[Records from a dataset]
+++

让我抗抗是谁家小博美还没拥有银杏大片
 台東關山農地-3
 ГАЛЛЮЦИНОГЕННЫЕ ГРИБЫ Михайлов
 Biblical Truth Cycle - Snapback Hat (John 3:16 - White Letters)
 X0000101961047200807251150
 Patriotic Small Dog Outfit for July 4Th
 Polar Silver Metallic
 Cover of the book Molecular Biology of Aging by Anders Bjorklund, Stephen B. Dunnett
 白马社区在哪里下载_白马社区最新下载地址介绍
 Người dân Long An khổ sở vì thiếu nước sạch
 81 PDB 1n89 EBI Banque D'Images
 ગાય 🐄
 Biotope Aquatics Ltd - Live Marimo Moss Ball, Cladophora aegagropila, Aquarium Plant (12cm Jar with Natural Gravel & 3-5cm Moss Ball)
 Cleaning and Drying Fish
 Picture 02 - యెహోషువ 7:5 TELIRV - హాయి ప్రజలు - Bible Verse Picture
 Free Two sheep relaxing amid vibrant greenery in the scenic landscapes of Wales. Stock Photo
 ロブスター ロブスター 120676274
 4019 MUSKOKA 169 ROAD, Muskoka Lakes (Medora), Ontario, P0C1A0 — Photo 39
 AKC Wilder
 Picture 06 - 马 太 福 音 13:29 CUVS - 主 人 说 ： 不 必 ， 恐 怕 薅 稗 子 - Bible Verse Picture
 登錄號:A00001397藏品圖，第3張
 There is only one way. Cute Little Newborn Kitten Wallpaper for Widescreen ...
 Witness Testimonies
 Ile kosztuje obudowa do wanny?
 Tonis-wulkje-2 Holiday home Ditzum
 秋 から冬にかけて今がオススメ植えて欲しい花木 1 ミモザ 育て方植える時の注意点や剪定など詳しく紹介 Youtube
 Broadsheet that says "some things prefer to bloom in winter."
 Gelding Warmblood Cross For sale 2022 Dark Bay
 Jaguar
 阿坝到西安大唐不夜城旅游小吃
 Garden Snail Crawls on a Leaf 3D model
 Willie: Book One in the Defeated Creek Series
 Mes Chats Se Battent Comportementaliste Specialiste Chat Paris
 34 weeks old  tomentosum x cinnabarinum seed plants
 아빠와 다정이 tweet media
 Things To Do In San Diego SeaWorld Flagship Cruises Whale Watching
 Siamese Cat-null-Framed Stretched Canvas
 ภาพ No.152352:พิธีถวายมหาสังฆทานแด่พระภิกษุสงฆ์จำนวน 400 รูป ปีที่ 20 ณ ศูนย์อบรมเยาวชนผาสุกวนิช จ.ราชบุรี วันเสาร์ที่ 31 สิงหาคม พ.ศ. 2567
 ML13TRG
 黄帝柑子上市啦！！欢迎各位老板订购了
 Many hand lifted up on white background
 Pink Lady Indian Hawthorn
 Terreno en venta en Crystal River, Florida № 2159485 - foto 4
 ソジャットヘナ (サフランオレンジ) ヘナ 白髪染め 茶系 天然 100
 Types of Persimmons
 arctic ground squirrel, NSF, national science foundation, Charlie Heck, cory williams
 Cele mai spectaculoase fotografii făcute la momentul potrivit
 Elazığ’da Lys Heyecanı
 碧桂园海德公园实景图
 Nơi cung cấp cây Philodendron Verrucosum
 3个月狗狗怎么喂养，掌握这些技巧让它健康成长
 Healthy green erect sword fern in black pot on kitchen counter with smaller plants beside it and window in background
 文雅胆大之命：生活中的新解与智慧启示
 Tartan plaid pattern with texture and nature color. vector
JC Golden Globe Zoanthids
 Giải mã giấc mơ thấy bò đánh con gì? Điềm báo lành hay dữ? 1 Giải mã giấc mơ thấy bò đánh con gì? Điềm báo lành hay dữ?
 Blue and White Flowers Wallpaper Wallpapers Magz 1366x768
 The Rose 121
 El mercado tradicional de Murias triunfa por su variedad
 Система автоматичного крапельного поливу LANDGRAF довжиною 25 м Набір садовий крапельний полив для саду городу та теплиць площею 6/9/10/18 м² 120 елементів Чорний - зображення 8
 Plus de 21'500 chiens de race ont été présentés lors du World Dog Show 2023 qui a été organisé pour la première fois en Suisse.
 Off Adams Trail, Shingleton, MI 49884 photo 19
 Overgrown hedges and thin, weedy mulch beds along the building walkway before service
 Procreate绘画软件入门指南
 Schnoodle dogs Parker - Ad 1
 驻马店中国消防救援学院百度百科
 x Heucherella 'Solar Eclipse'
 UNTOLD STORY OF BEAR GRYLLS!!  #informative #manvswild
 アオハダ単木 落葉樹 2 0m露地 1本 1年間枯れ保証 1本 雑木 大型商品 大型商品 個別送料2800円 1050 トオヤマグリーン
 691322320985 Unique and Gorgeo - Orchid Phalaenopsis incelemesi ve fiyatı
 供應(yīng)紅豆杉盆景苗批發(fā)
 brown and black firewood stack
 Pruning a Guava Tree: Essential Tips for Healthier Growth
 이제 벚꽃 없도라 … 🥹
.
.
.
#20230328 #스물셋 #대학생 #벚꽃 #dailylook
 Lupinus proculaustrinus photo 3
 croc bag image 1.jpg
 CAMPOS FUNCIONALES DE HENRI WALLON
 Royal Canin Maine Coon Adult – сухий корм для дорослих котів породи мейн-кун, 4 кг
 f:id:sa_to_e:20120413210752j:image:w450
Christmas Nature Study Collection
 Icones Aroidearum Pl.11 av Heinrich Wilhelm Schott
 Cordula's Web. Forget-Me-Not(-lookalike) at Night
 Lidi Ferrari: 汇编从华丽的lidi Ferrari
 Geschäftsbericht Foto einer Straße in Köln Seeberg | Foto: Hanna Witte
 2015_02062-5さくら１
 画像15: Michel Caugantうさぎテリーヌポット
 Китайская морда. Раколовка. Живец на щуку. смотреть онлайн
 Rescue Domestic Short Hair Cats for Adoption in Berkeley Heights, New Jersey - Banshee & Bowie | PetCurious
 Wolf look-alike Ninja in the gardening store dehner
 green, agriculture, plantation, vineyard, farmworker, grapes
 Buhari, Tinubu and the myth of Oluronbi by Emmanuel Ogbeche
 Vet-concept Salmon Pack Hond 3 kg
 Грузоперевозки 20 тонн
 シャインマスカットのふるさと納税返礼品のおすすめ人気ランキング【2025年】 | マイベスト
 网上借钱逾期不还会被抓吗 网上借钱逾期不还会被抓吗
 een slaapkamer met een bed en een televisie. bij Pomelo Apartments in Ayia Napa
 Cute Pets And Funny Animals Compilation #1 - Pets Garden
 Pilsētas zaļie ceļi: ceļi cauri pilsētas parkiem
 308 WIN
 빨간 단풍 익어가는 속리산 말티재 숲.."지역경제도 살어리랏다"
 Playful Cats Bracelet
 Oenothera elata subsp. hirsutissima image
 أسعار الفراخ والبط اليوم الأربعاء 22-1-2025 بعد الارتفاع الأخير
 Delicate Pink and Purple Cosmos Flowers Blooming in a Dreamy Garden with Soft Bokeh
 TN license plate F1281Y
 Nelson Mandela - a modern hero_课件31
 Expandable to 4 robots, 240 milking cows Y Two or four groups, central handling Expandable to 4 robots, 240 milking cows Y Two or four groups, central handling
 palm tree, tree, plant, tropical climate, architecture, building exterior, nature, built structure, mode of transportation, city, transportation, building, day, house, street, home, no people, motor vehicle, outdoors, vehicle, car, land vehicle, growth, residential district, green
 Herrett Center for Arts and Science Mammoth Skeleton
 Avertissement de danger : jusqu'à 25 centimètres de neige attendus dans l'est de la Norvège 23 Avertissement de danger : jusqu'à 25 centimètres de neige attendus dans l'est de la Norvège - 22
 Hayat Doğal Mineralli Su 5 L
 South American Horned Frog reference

+++

Exercise prompt: Given the records above, return exactly the lines starting at the line containing "أسعار الفراخ والبط" and ending at the line containing "Nelson Mandela - a modern hero_课件31", including both.

Response below:
 أسعار الفراخ والبط اليوم الأربعاء 22-1-2025 بعد الارتفاع الأخير
 Delicate Pink and Purple Cosmos Flowers Blooming in a Dreamy Garden with Soft Bokeh
 TN license plate F1281Y
 Nelson Mandela - a modern hero_课件31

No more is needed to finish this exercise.